Ihr Zitat „Niemand hat das Recht zu gehorchen“ findet sich regelmäßig auf Demonstrationen der „Querdenken“-Szene. Aber auch andere Zitate von Arendt zeigen sich großer Beliebtheit unter Verschwörungsfreund:innen. Das liegt auch daran, dass sich die Philosophin mit dem Begriff der „Freiheit“ auseinandersetzte. Vermeintliche Freiheit ist ein zentrales Argument der der Anti-Corona-Demonstrant:innen.Allerdings verstand Arendt unter Freiheit etwas anderes als die Demonstrierenden heutzutage.

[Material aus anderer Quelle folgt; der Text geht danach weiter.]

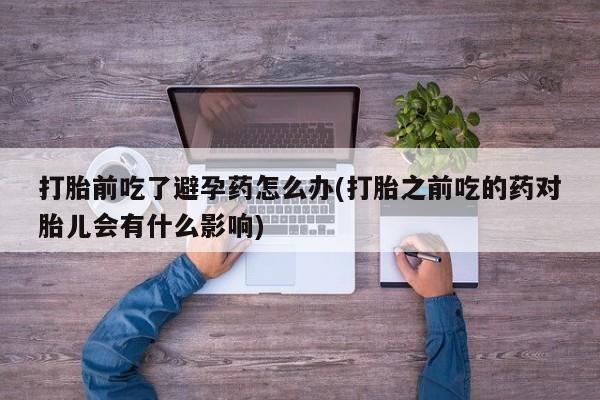 打胎药/堕胎药/流产药私人联系微信打胎前吃了避孕药怎么办(打胎之前吃的药对胎儿会有什么影响)
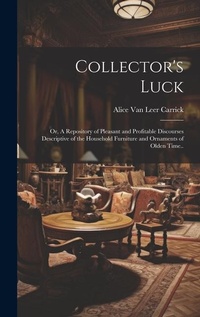 Enlarge image Cover: Collector's Luck; or, A Repository of Pleasant and Profitable Discourses Descriptive of the Household Furniture and Ornaments of Olden Time.. - Legare Street Press
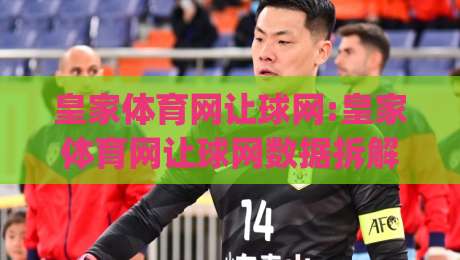 皇家体育网让球网:皇家体育网让球网数据拆解+皇家体育网让球网背后的赛事阅读逻辑|今晚靠谱最火进球网技巧预选竞投论坛720P集锦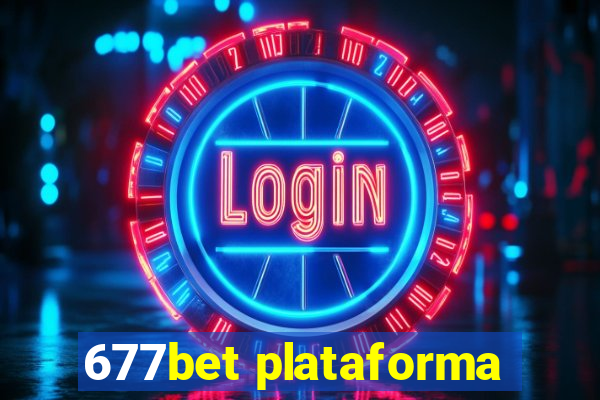 677bet plataforma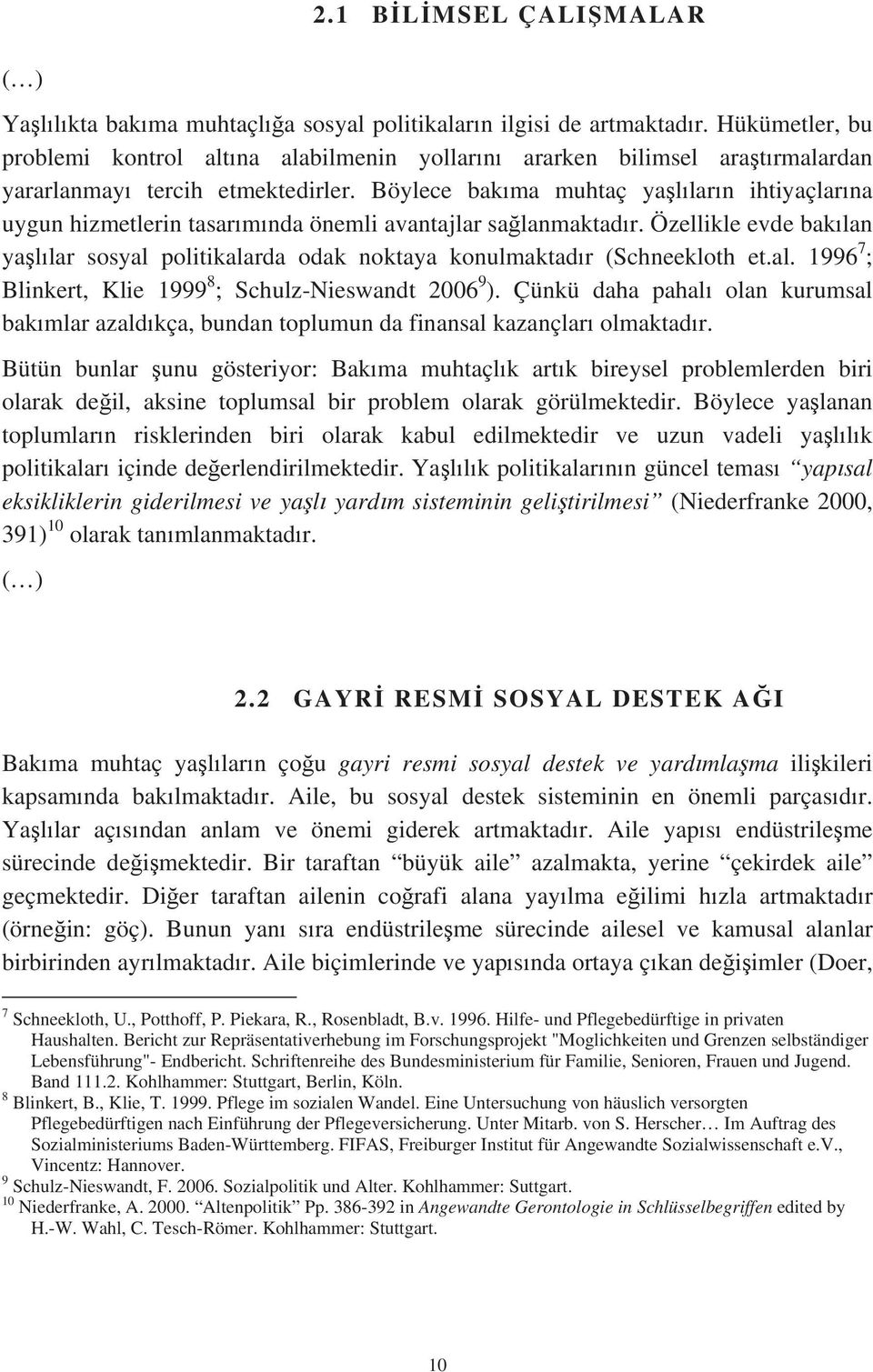 Böylece bak ma muhtaç ya l lar n ihtiyaçlar na uygun hizmetlerin tasar m nda önemli avantajlar sa lanmaktad r.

Nils Baratella ist wissenschaftlicher Mitarbeiter des Hannah-Arendt-Zentrums an der Carl-von-Ossietzky-Universität in Oldenburg und äußerte sich gegenüber der jungle world so: Die „Querdenker hängen einem totalen Freiheitsbegriff an, nach dem Motto: Ich lass’ mir gar nichts sagen.“ Für ihn ist „Querdenken” „eine neoliberale Bewegung, die zugunsten individueller Freiheit die Verantwortung für andere aufgeben will“. Für Arendt sei Freiheit hingegen ein politischer Begriff, der stets auch mit der Verantwortung für andere verknüpft sei. Dadurch dass es ein politischer Begriff ist, muss sich die Freiheit im öffentlichen Raum manifestieren.
Doch die trotzige Haltung vieler „Querdenker:innen“ verkennt Arendts Freiheitsbegriff. Denn Widerstand gegen die Verhältnisse ist noch keine Freiheit. Die Philosophin kritisiert explizit eine liberale Verkürzung des Freiheitsbegriffs.
Freifahrtschein für Faktenfreiheit
Der YouTuber Gunnar Kaiser stellt im Interview mit Burchardt die Frage, warum die Wahl auf Arendt als Namenspatronin gefallen ist. Für den Autor ist das naheliegend, da sie „für ein bestimmtes Konzept des Politischen und des Menschseins steht, das momentan massiv angefragt ist“. Der Name soll also „naheliegend“ sein, bei einem Verein, bei dem zu einem erheblichen Anteil rechte Scharfmacher und Verschwörungsideologen lehren? Auf den ersten Blick wirkt das abstrus. Arendt leistete Widerstand und musste als Jüdin selbst vor dem Nationalsozialismus fliehen. Doch es zeigt sich, was während der Pandemie wieder sehr deutlich wurde: Reaktionäre habe gelernt, sich Motive des linken Widerstands und emanzipatorische Begriffe anzueignen und umzudeuten. So wird der Mythos einer „Coronadiktatur“ immer weiter verbreitet, um sich selbst als „widerständige:n Freiheitskämpfer:in“ darstellen zu können.
Diese Diskursverschiebung ist für rechte Gruppen ein großer Gewinn. Sie können sich den Freiheitsbegriff aneignen. Dieser wird von ihnen auf einen Freifahrtschein des Faktenfreien reduziert. Sie legitimieren ihren Populismus und ihre diskriminierenden Einstellungen mit einem Verweis auf die notwendige Pluralität einer Demokratie, wie sie auch von Arendt gesehen wurde. Kritik an ihren Positionen wird dabei aber meist als „Cancel Culture“ abgetan. Ob das im Sinne der Philosophin Arend gewesen wäre? Wohl eher nicht.